What is being asked:
In the listing below, print exactly the lines between the line holding "The kitchen is" and the line holding "The generously sized", inclusive, and no more.

Material for this task:

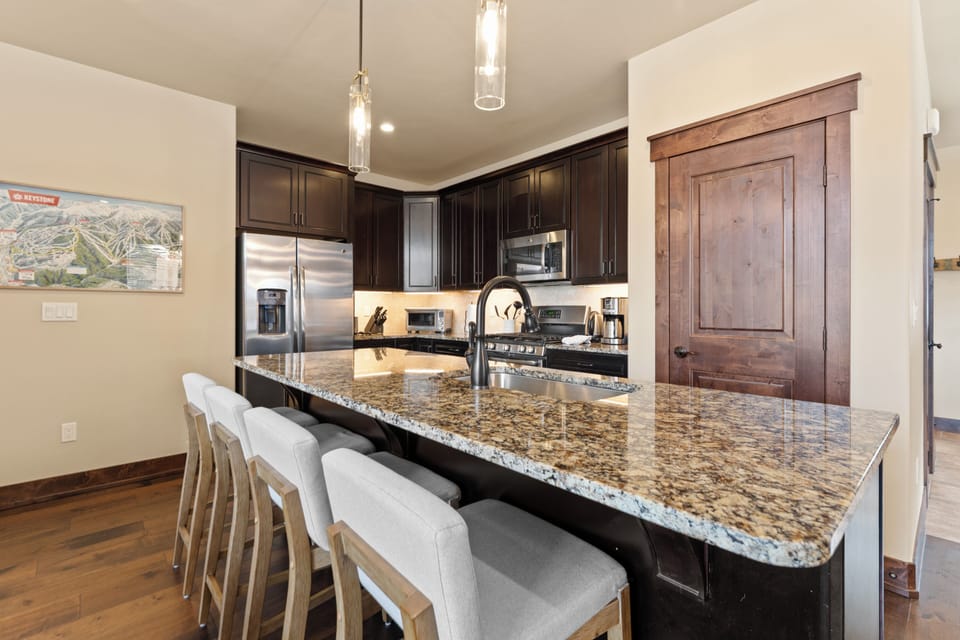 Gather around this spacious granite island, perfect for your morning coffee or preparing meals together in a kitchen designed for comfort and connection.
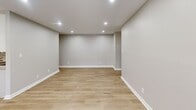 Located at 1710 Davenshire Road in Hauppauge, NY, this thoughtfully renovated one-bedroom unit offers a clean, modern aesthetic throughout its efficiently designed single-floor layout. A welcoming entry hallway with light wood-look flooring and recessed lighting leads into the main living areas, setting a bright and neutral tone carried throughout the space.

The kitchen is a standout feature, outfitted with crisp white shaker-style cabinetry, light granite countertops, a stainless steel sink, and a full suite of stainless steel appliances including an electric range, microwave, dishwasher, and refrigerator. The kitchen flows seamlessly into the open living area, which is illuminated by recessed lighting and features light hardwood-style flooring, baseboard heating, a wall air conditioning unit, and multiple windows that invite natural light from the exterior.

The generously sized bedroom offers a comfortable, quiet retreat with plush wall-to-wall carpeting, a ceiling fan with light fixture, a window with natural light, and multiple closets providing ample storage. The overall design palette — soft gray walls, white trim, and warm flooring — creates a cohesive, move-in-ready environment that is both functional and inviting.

...

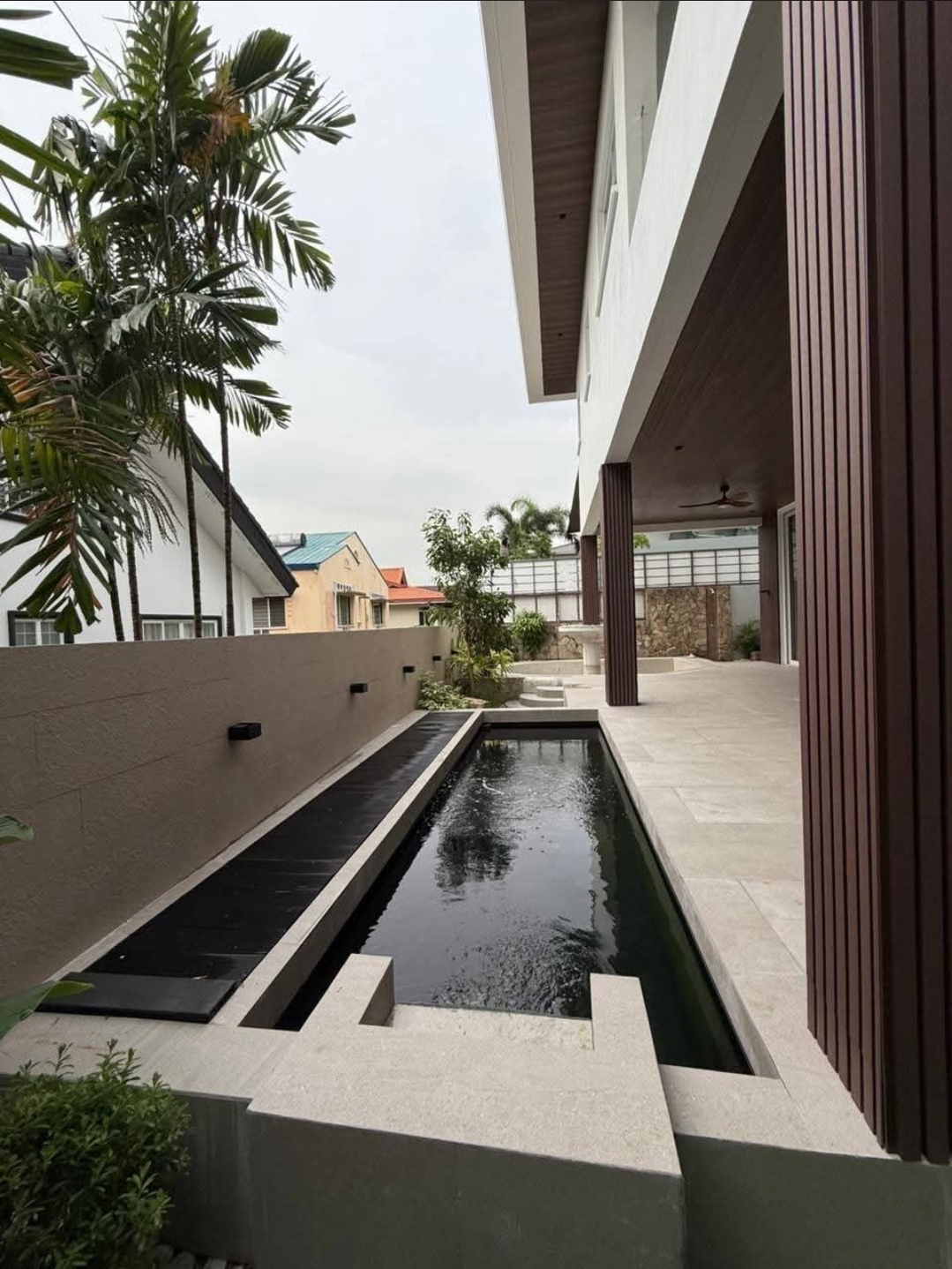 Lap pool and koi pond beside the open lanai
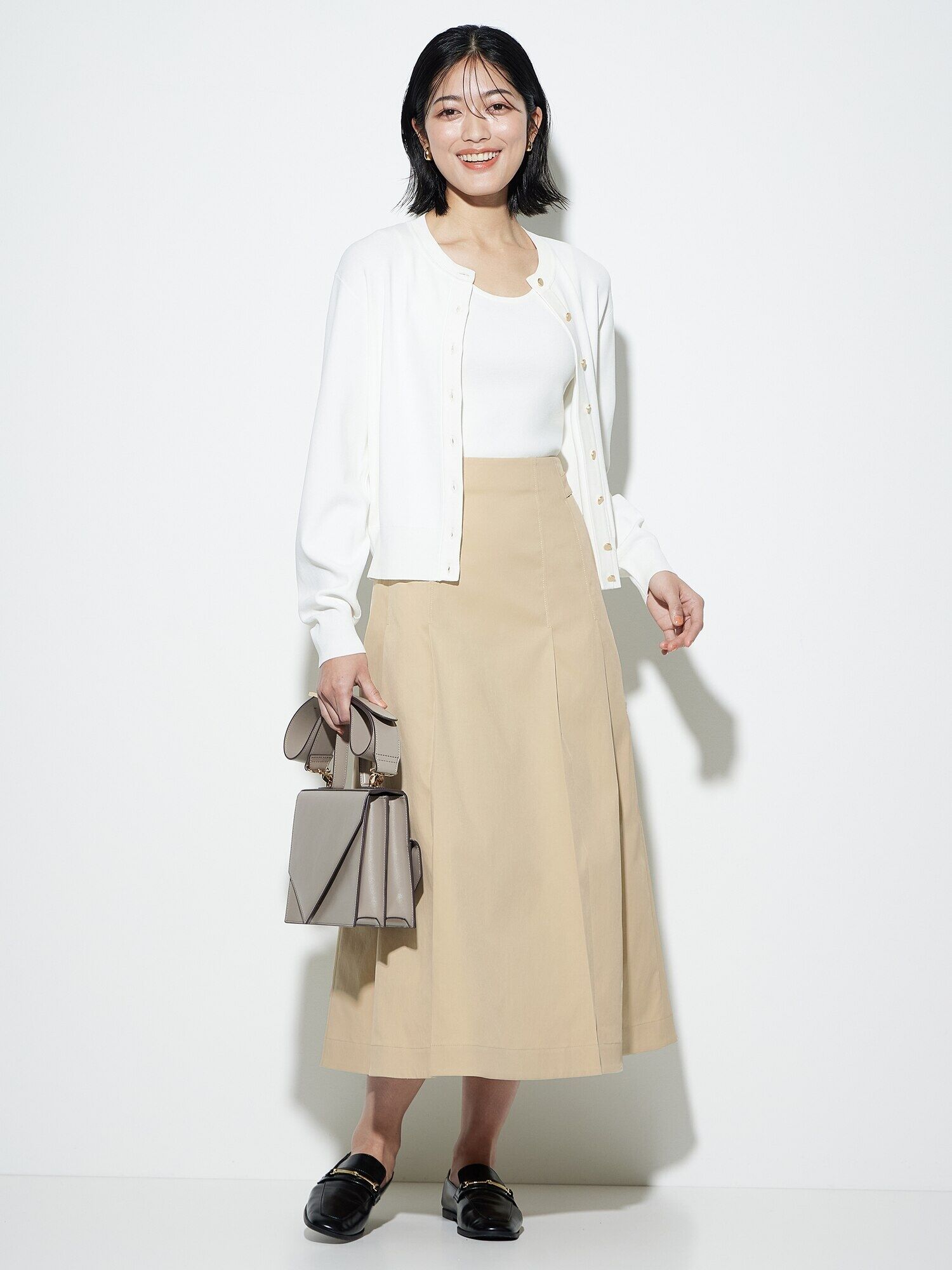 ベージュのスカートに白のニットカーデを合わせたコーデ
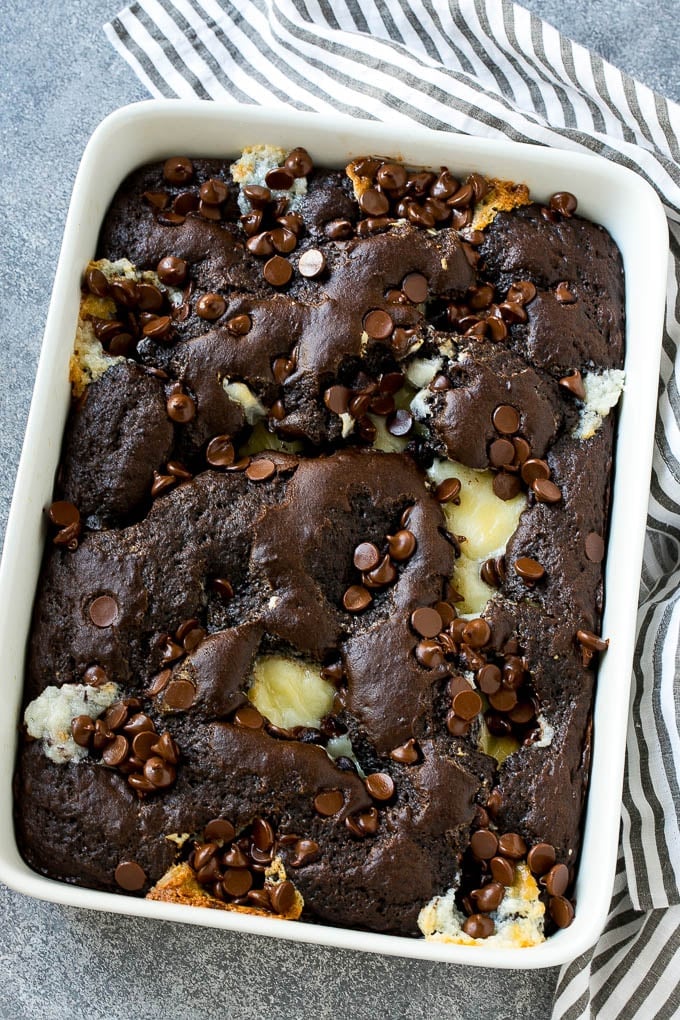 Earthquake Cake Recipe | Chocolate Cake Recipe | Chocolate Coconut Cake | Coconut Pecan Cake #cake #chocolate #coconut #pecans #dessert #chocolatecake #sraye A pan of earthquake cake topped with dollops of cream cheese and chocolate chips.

Written response:
The kitchen is a standout feature, outfitted with crisp white shaker-style cabinetry, light granite countertops, a stainless steel sink, and a full suite of stainless steel appliances including an electric range, microwave, dishwasher, and refrigerator. The kitchen flows seamlessly into the open living area, which is illuminated by recessed lighting and features light hardwood-style flooring, baseboard heating, a wall air conditioning unit, and multiple windows that invite natural light from the exterior.

The generously sized bedroom offers a comfortable, quiet retreat with plush wall-to-wall carpeting, a ceiling fan with light fixture, a window with natural light, and multiple closets providing ample storage. The overall design palette — soft gray walls, white trim, and warm flooring — creates a cohesive, move-in-ready environment that is both functional and inviting.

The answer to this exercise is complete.